During the nineteenth century, “the distinction between scientific writing and other kinds of publications blurs considerably.” Indeed, other scholars have argued that during the nineteenth century “science was literature.” “Knowledge was less specialized than it is today,” Sleigh explains, “and educated readers would respond to both the scientific and the literary elements of any text.”

In chapter one, Sleigh considers “the transition to modern science that took place in the later seventeenth century and the literary implications of the natural philosophers’ switch from textual to observational knowledge,” that is, “empiricism.”  She focuses on Robert Boyle and the founding of the Royal Society of London in 1660. Recent scholarship shows, however, that “experimental science and novelistic prose were not merely parallel developments born of the social shifts of the seventeenth century.” Rather, “there was also a closer and more necessary relation between them, stemming from the fact that not all scientific witnessing could be done face-to-face.” Thus some scholars have “characterized Boyle’s writing as a ‘literary technology’ that was no less important than physical technology (the air pump) and social technology (the new gentlemanly codes of observation) in making knowledge.” She then compares these developments to several pieces of literature, particularly Jonathan Swift’s Gulliver’s Travels (1727), George Orwell’s Nineteen Eighty-Four (1949) and Primo Levi’s The Periodic Table (1975) and The Wrench (1978).

In chapter two, Sleigh shows how a Benthamite model of law in courtroom hearings is employed in the reading and writing of epistolary fiction, “the layers of the text allow[ing] the reader to hear multiple perspectives and even to simulate participation in the dialogue concerning the novel’s economy of virtue.” Mary Shelley’s lusus naturae, Frankenstein (1818), an “examination of the powers of reason and experience,” is “both epistolary in nature and presented for readers’ judgment” over heated debates regarding vitalism.

Chapter three looks at the early Victorian era, the British Association for the Advancement of Science (BAAS), and William Whewell’s model of scientific method. For Whewell, science was more “than the grindings of pure, mathematical, deductive logic.” “Induction, rather than deduction,” he says, “is the source of the great scientific truths which form the glory, and fasten on them the admiration of modern times.” The underlying assumption here, as Sleigh points out, is that “a person had to have the correct idea in mind before she or he could weigh up the claims of scientific observations.” Thomas Carlyle’s Sartor Resartus, first published in Fraser’s Magazine 1833-34, and then published as a single volume in Britain in 1838, and Edgar Allen Poe’s editorship of Southern Literary Messenger and other writings “did not conform happily” to Whewell’s agenda.

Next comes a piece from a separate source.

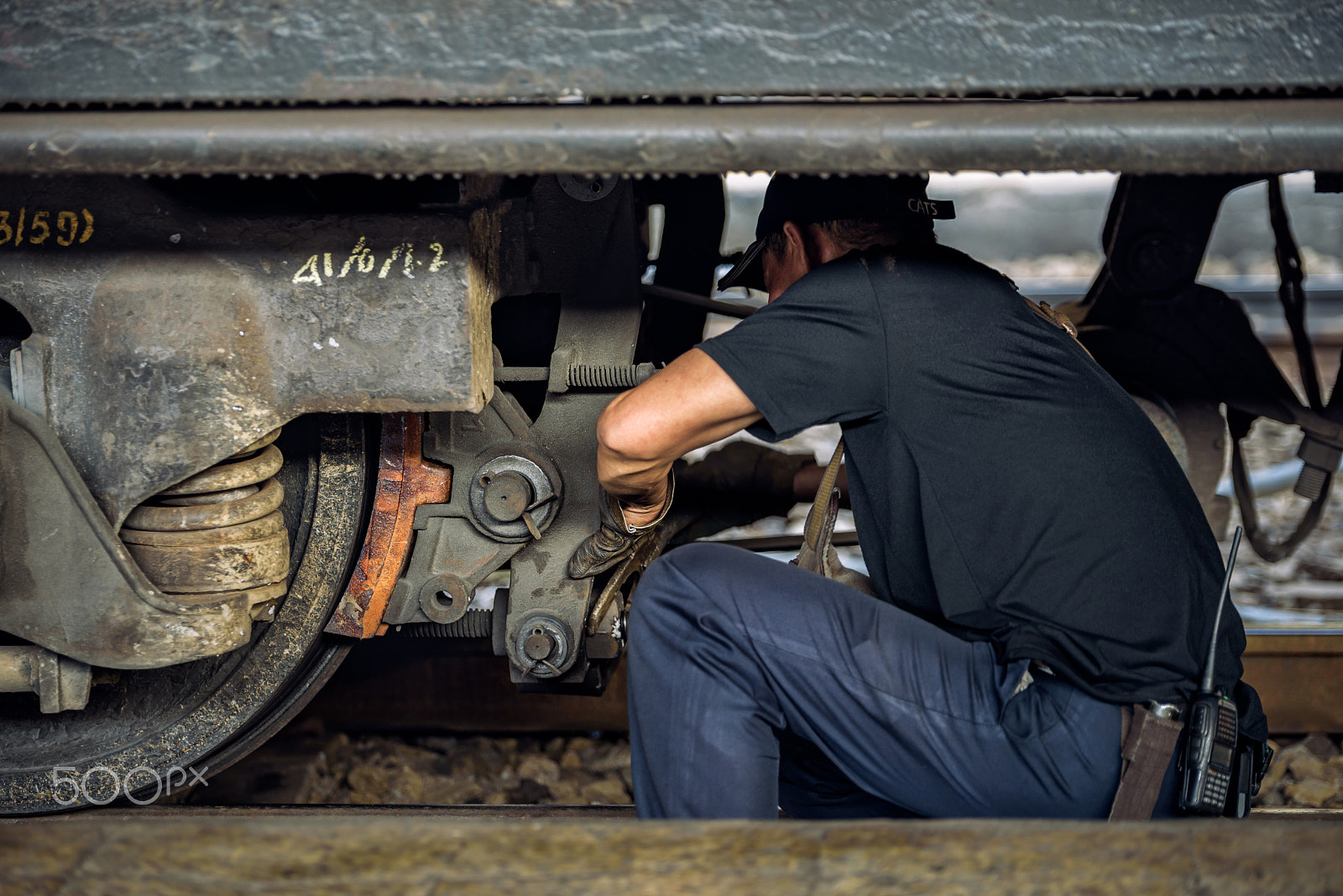 Nikon D750 + Tamron SP 70-200mm F2.8 Di VC USD sample photo. Mechanic stoop for adjust the wheel of train. photography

Poe goes so far as to suggest that “science could be done by the power of imagination better than it could by either of Whewell’s methods; that is, by inductive or deductive logic.”

Chapter four discusses the origin of realism in literature and laboratory, situating it in the “political turbulence of mid-nineteenth-century continental Europe.” Here Sleigh works closely with the work of French novelist and critic Emile Zola (1840-1902), who “came to present the scientist as a heroic figure.” Zola, among many other mid-nineteenth-century writers, artists, and dramatists, “professed a commitment to reality in their work.” They espoused “naturalism,” who “claimed to describe [things] as they inevitably were.” The science of evolution, Sleigh points out, “provided yet more evidence for Zola and the realists that humans obeyed the laws of nature.” “From positivism, statistics and evolutionary theory,” she continues, “naturalists gained confidence that they could explain and predict human behaviour, through a mixture of hereditary and environmental factors.” Zola subsumed this confidence in his novels, particularly his Thérèse Raquin (1867), where its characters are depicted as “predictable as chemicals in a test tube.”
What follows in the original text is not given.